# What the task requires:
Every line below from the one containing "Thumbnail 3 HERMÈS" through the one containing "Vista a Fermina" must be transcribed exactly. Omit all lines outside that stretch.

# Records for the task:
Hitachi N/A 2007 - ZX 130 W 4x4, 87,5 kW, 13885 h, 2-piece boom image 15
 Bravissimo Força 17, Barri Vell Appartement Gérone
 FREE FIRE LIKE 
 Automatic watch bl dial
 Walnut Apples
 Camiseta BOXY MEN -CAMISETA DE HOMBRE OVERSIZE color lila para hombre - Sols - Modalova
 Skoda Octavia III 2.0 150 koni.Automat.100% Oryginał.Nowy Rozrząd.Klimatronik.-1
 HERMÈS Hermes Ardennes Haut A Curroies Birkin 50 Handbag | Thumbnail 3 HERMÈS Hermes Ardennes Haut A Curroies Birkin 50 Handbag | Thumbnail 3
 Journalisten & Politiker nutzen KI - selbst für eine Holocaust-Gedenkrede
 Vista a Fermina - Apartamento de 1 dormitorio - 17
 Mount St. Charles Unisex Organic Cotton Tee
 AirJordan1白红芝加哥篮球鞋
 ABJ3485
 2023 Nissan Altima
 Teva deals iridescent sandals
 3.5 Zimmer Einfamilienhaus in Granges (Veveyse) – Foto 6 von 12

# Answer space:
 HERMÈS Hermes Ardennes Haut A Curroies Birkin 50 Handbag | Thumbnail 3 HERMÈS Hermes Ardennes Haut A Curroies Birkin 50 Handbag | Thumbnail 3
 Journalisten & Politiker nutzen KI - selbst für eine Holocaust-Gedenkrede
 Vista a Fermina - Apartamento de 1 dormitorio - 17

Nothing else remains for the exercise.